Media sangat memberi andil dan peran penting dalam memberikan informasi terhadap masyarakat dan kecenderungan ini kadang membuat media dalam menyajikan informasinya cenderung membuka peluang untuk terjadinya dramatisasi, manipulasi, spekulasi ataupun justru berusaha untuk tidak menyingkap kebenaran sesuai fakta sesungguhnya.

Olehnya, segelintir masyarakat berusaha memanfaatkan media untuk suatu tujuan sesuai kepentingannya, hingga kemudian media menjadi sangat sulit memisahkan antara independensi dan keuntungan bisnis, dan terkadang dua kepentingan tersebut membuat media terperosok ke dalam penyajian informasi yang tidak berimbang dan cenderung berpihak pada golongan tertentu.

Sesuai dengan pengertiannya, independensi diartikan sebagai kemandirian, dalam artian melepaskan diri dari berbagai kepentingan, mengungkapkan fakta dengan sesungguhnya dan tidak ada bentuk intervensi dari pihak tertentu dalam penyajian informasi.

Sehingga dalam membangun suatu independensi, media harus menyadari bahwa loyalitas utama adalah kepada masyarakat, dan intisari jurnalisme adalah verifikasi data yang akurat, menghindari terjadi benturan kepentingan yang berpotensi kepada pembohongan publik.

Oleh karenanya, sangat diharapkan agar seorang wartawan dalam menjalankan profesinya, harus dibarengi sikap kejujuran dalam komitmen, informasi haruslah tersaji dalam konteks kebenaran, mengetahui urutan sumber berita, transparansi dalam informasi, dan verifikasi berita secara aktual sebelum menyajikannya ke masyarakat.
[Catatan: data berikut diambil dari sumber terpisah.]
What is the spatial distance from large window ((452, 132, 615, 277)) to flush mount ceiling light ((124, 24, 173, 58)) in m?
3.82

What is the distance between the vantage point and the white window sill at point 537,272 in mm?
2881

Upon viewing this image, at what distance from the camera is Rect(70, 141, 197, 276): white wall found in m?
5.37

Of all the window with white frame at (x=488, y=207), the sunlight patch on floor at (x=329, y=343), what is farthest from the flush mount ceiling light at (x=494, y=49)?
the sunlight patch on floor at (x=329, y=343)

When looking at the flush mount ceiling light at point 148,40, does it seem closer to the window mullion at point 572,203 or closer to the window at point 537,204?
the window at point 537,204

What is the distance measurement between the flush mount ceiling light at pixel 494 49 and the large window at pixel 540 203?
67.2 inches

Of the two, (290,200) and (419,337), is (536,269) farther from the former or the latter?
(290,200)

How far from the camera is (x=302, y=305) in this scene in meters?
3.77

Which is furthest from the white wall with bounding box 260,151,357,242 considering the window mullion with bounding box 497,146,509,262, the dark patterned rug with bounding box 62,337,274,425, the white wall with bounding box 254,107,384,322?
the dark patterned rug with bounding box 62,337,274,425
Bila hal tersebut dapat diwujudkan, maka media telah melakukan independensi dalam penyampaian informasi.

Saat ini, ancaman independensi media sangat beragam, namun menurut penulis, yang menjadi ancaman serius antara lain:
  1. Kekuasaan tidak sepenuhnya dapat di kontrol oleh media sehingga seringkali berbagai kasus penyimpangan yang terjadi hanya dapat diketahui bila ada di antara mereka (dalam lingkup kekuasaan) yang membeberkan kepada media.
  2. Adanya konglomerasi atau kepemilikan media yang bersentuhan dengan penguasa, sehingga informasi yang disajikan hanya berdampak pada keuntungan pihak media dan yang bersentuhan langsung dengannya.
  3. Kewenangan redaksi dalam mempublikasikan berita yang diperoleh dari wartawan kadang menimbulkan munculnya intervensi kepada pihak redaksi oleh orang-orang tertentu yang menganggap pemberitaan tersebut menyudutkan diri atau lingkup sosialnya.
  4. Masih maraknya tindak kekerasan dan pengerahan massa oleh kelompok tertentu,sehingga kalangan wartawan masih khawatir akan keselamatan dirinya dalam peliputan.
  5. Terjalinnya hubungan emosional antara wartawan dengan sumber berita, baik hubunganpertemanan, kekeluargaan, suku, maupun profesi sehingga bila ada pemberitaan yangmenyudutkan sumber tersebut berusaha untuk segera di tutup tutupi.
  6. Masih maraknya budaya amplop dan telepon, utamanya bagi golongan masyarakat yangmapan dari segi finansial, sehingga mampu mengunci akses pemberitaan.
  7. Upah wartawan yang tidak sebanding dengan resiko pekerjaan, hingga kadangnarasumber melakukan penyuapan kepada mereka.
  8. Adanya wartawan yang kurang profesional, baik dari segi penyajian berita ataupunpengolahan kata, sehingga masyarakat tidak memahami alur informasi yang diberikan dan bisa menimbulkan adanya kesalahan persepsi dan penafsiran.
  9. Masih ditemukannya oknum wartawan yang menganggap profesi wartawan sebagai ladang mencari nafkah, sehingga kadang dalam peliputan berita sering melakukan "penjualan" berita kepada narasumber.
  10. Adanya sikap masa bodoh wartawan tentang kebenaran dan sumber berita (pokoknya yang penting ada berita) menyebabkan seringnya muncul sistem Cloning atau copy-paste berita oleh sesama wartawan.
Bertolak dari hal tersebut, seyogyanya dalam membangun suatu idealisme dan independensi jurnalistik, media dituntut untuk menyajikan suatu informasi yang berimbang, tidak memihak apalagi memicu keresahan di masyarakat, tidak mengakomodasi suara-suara yang berbau kekerasan, pesimistis, menghujat, dan mencela golongan tertentu.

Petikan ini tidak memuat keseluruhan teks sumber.